My 12yo can cook Nigella's brownies fabulously well without a recipe (occasionally checks quantities with me).

She also does simple stuff like beans on toast, cook veg/pasta, make a pasta salad or a tuna/mayo/sweetcorn sandwich filling.

She is basically pretty competent with oven/weighing/basic skills and timings, just a question of extending her repertoire.

nooka Sat 03-May-14 23:07:53

My dd is 13 and can make most things that involve a straight forward recipe. Her specialties are omelets and Ceasar salad. Generally she will cook/prepare a simple meal once a week and help with dh or I at other times. ds (almost 15) will cook if he is told to and has a similar level of skill (he's just a much lazier bugger and less sociable too) he generally likes to be assisted though grin

Nocomet Sat 03-May-14 22:49:44

DD2 is a dab hand at macaroni cheese. I'm sure she could cook all sorts of things if she put her mind to it. However, that's not likely to happen.

DD2 doesn't voluntarily do anything helpful.

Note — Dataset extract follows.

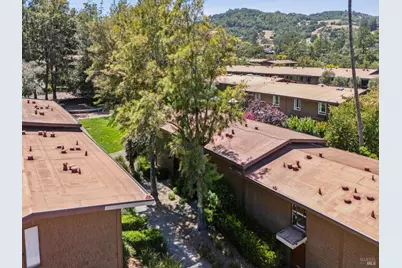 136 Surrey Lane, San Rafael, CA 94903 - Photo 28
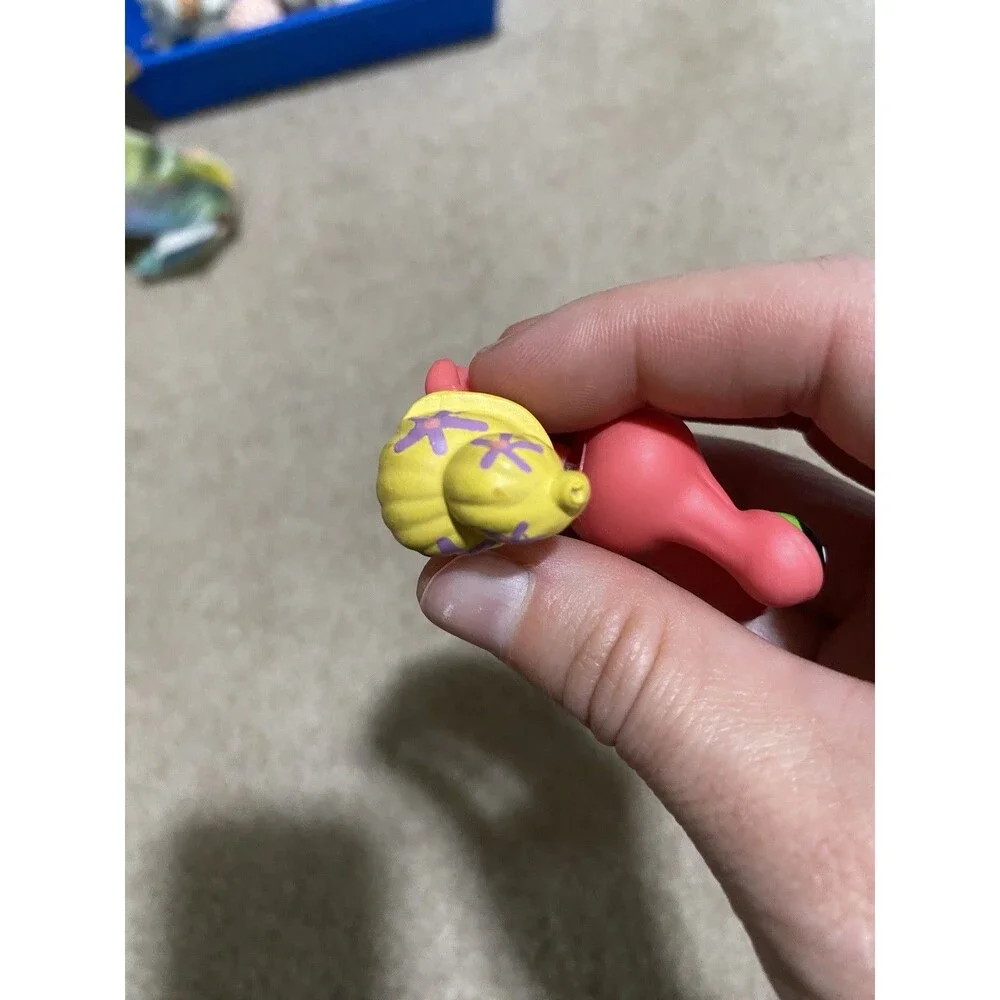 Littlest Pet Shop #62 Hermit Crab Pink Yellow Shell Purple Flower Green Eyes LPS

Because I don't work and their bus takes forever, I generally cook. However, DD1(16) could probably cook anything she fancied give a recipe.

I could at 18 and my DM didn't really teach me. DM is a very good and impossible to help cook. She very rarely let anyone else help.

DMIL was the total opposite (and her kitchen was much bigger). She delegated tasks and we all stood round her big kitchen table chopping, chatting and suggesting alterations to the dishes as we went along.

Consequently DH can cook and I miss DMIL.